_Problem requirements_. A word-for-word copy of every entry below is required; the images do not belong in it.

_The records_.
======
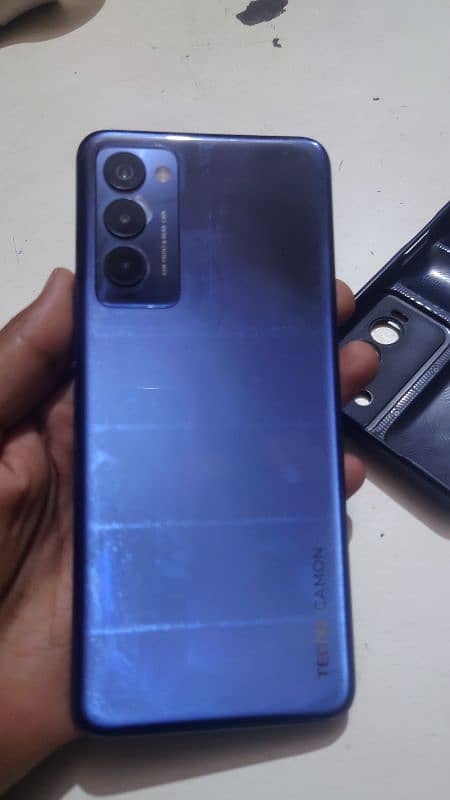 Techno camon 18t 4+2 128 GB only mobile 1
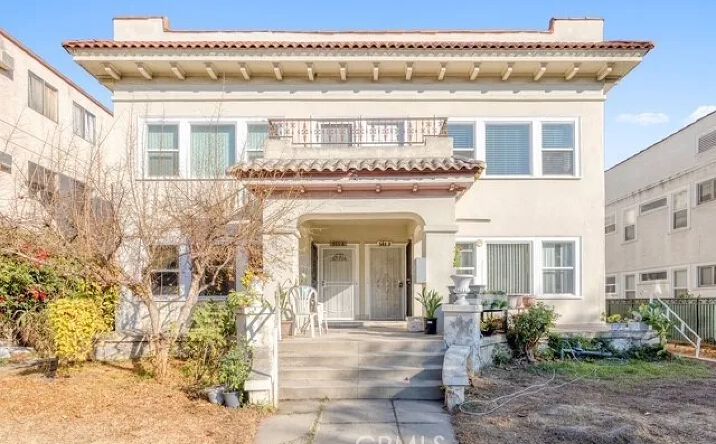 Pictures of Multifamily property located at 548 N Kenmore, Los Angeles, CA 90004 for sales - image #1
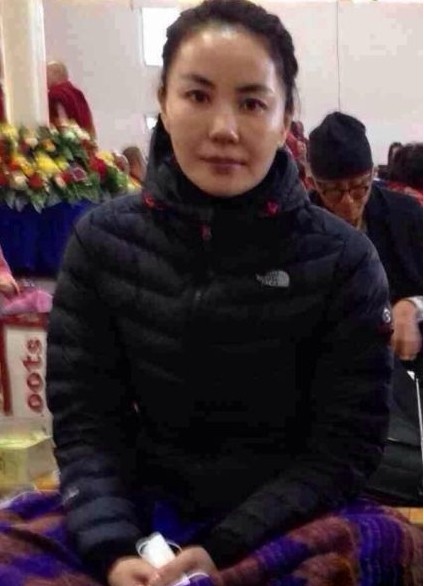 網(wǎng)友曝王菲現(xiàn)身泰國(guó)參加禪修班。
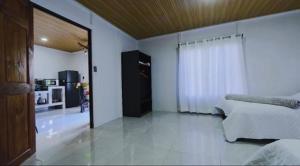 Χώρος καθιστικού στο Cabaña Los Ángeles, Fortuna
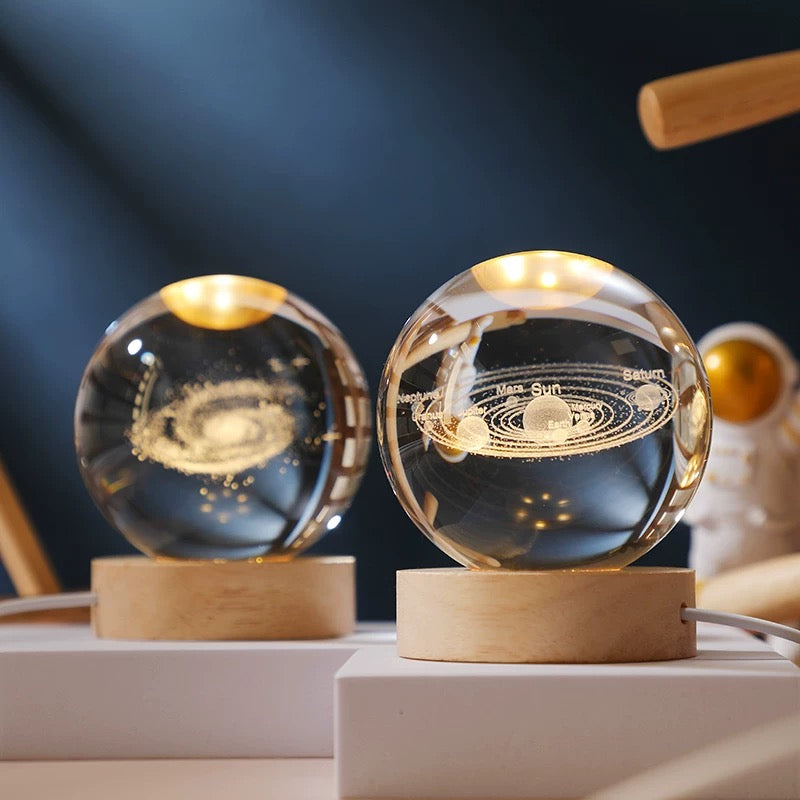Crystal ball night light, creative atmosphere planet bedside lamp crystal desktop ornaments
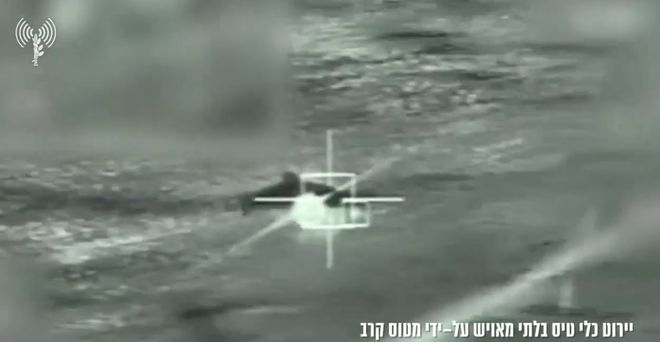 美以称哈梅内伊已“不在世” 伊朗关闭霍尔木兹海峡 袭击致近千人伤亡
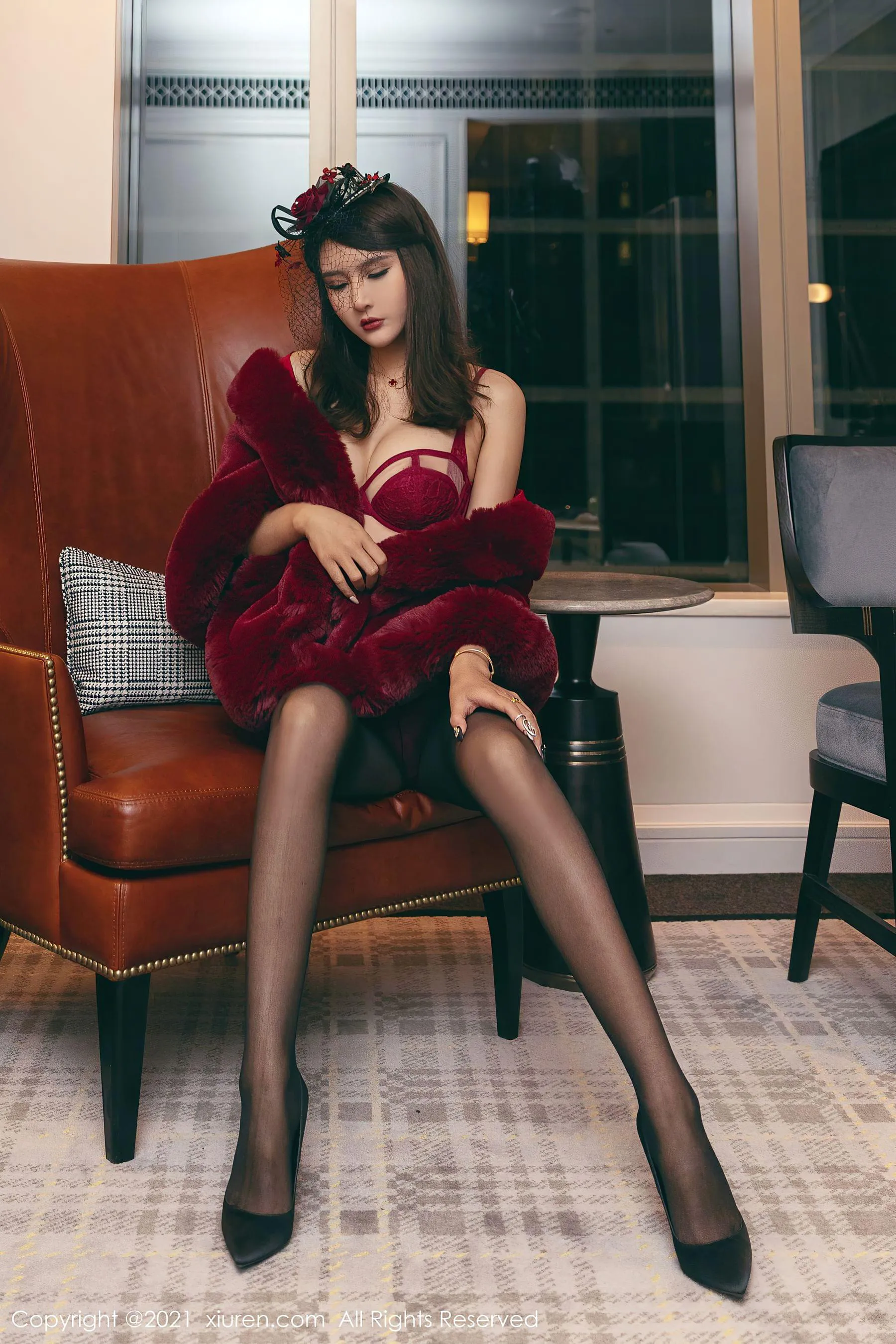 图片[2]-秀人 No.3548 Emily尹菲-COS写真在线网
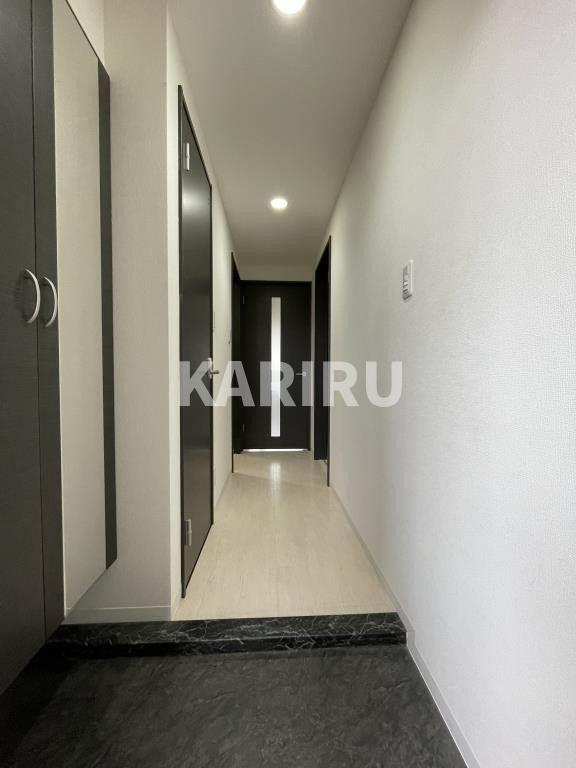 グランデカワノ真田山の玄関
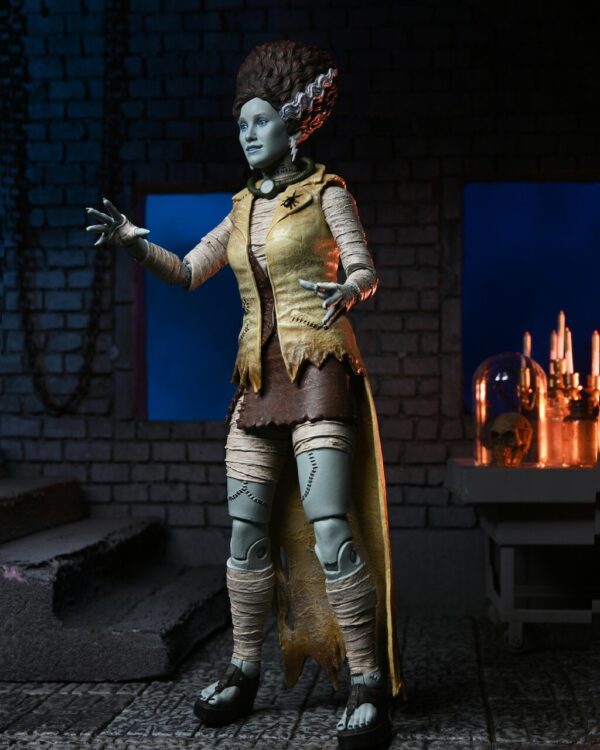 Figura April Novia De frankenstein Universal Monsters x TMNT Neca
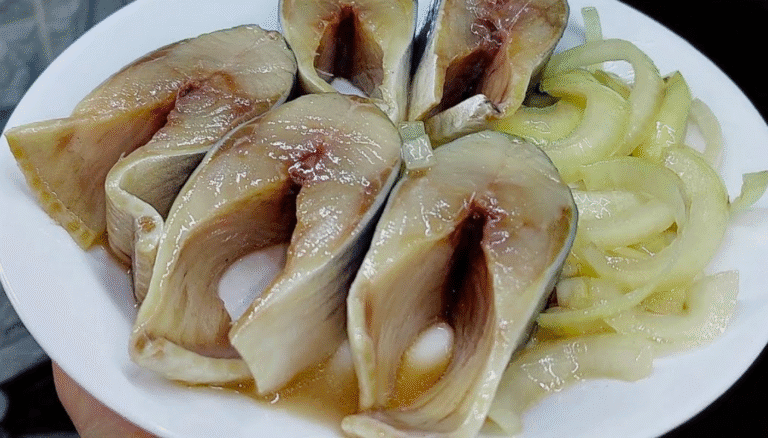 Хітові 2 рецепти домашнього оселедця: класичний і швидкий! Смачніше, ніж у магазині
======
_Worked solution_.
 Techno camon 18t 4+2 128 GB only mobile 1
 Pictures of Multifamily property located at 548 N Kenmore, Los Angeles, CA 90004 for sales - image #1
 網(wǎng)友曝王菲現(xiàn)身泰國(guó)參加禪修班。
 Χώρος καθιστικού στο Cabaña Los Ángeles, Fortuna
Crystal ball night light, creative atmosphere planet bedside lamp crystal desktop ornaments
 美以称哈梅内伊已“不在世” 伊朗关闭霍尔木兹海峡 袭击致近千人伤亡
 图片[2]-秀人 No.3548 Emily尹菲-COS写真在线网
 グランデカワノ真田山の玄関
 Figura April Novia De frankenstein Universal Monsters x TMNT Neca
 Хітові 2 рецепти домашнього оселедця: класичний і швидкий! Смачніше, ніж у магазині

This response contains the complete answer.